[Recorded data]
________________
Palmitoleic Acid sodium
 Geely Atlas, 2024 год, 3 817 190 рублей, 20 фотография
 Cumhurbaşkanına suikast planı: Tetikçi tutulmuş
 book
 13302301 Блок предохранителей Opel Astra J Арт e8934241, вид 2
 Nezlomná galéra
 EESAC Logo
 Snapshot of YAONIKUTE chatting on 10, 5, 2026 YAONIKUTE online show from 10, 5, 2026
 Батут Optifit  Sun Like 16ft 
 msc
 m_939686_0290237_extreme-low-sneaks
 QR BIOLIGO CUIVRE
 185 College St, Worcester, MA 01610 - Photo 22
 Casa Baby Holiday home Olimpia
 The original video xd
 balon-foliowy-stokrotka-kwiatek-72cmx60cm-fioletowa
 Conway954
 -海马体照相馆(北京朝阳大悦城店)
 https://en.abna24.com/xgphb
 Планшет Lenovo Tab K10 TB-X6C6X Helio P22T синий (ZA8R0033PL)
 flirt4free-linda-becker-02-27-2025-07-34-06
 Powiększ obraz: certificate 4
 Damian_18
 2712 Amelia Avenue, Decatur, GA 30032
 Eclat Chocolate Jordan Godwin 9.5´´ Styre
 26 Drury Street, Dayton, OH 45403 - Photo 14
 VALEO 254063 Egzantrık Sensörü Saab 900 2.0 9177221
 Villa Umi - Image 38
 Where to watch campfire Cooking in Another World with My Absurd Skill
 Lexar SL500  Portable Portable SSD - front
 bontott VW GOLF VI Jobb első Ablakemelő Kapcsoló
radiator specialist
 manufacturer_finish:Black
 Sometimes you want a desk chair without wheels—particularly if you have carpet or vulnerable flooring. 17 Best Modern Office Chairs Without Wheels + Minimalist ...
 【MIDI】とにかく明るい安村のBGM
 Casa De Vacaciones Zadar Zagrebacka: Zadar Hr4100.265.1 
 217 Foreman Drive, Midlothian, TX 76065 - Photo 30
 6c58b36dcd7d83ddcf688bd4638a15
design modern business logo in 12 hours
________________
Your task
The word "Photo" occurs in some lines of the data above; report how many such lines there are, with no other words.

Response
3